▼

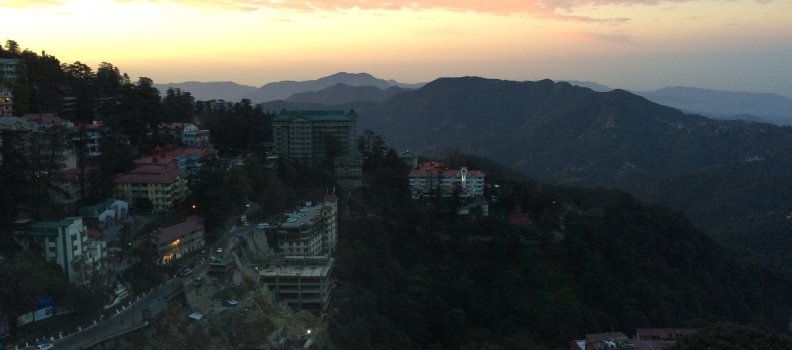 Shimla/Simla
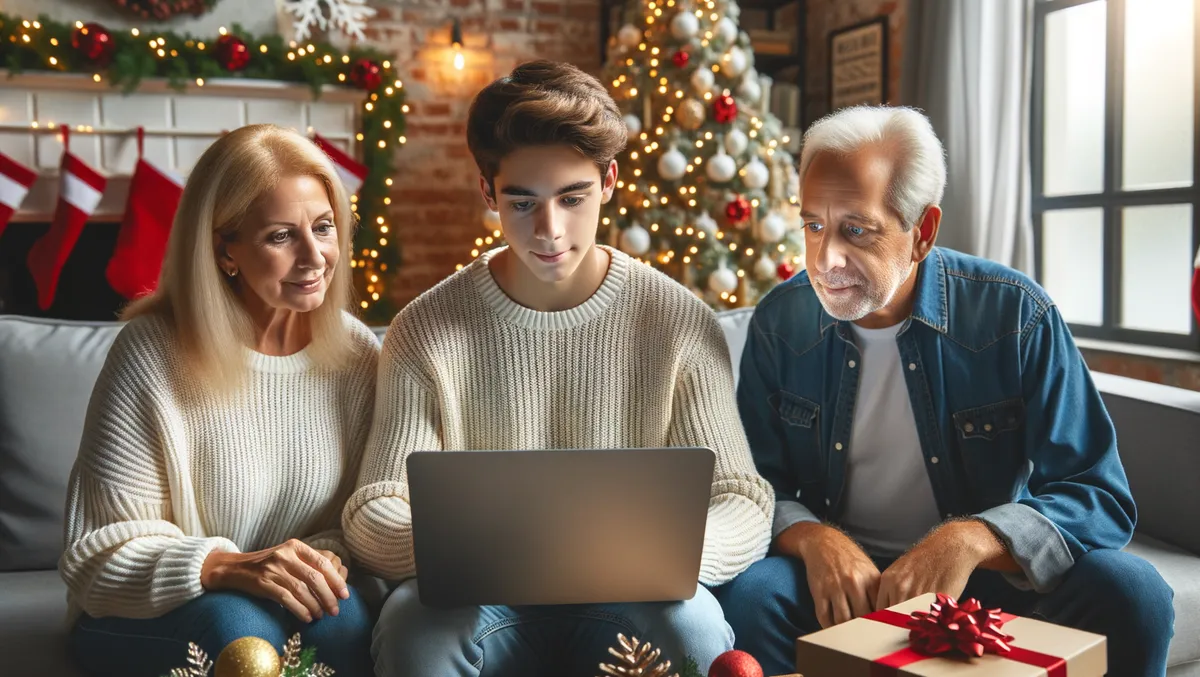 Aussie IT firm warns of high cybercrime risk during festive season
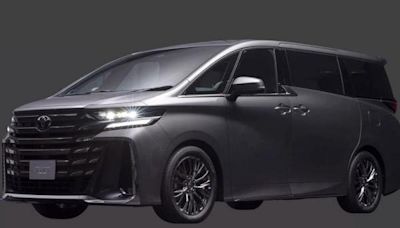 踩線 LM 豪華領域！Toyota Alphard 將推四人座車型 新增 PHEV 動力 - 自由電子報汽車頻道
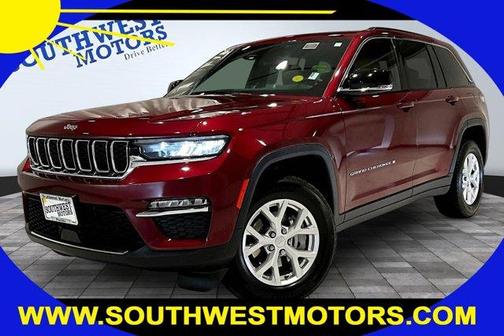 2023 Jeep Grand Cherokee Limited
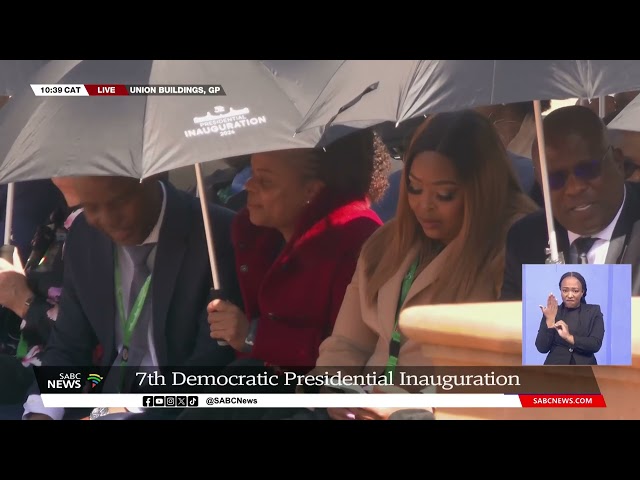 Presidential Inauguration | Presidential Spokesperson, Vincent Magwenya weighs in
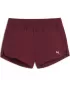 Hölgyek rövidnadrágja PUMA W RUN VELOCITY 3 SHORT 526585-96 PIROS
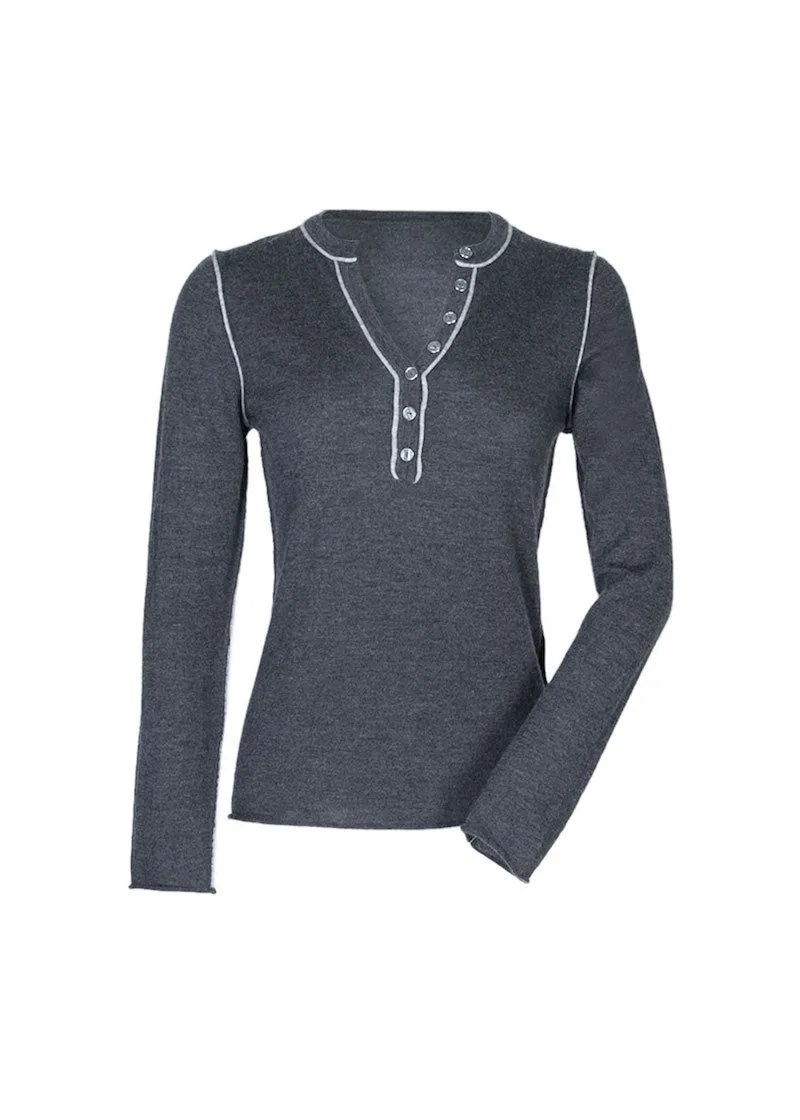 Cashmere Henley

▲

**TASK TO COMPLETE**
With pictures omitted, reproduce exactly the lines from the line containing "Presidential Inauguration |" through the end of the data above.

**COMPLETED TASK**
 Presidential Inauguration | Presidential Spokesperson, Vincent Magwenya weighs in
 Hölgyek rövidnadrágja PUMA W RUN VELOCITY 3 SHORT 526585-96 PIROS
 Cashmere Henley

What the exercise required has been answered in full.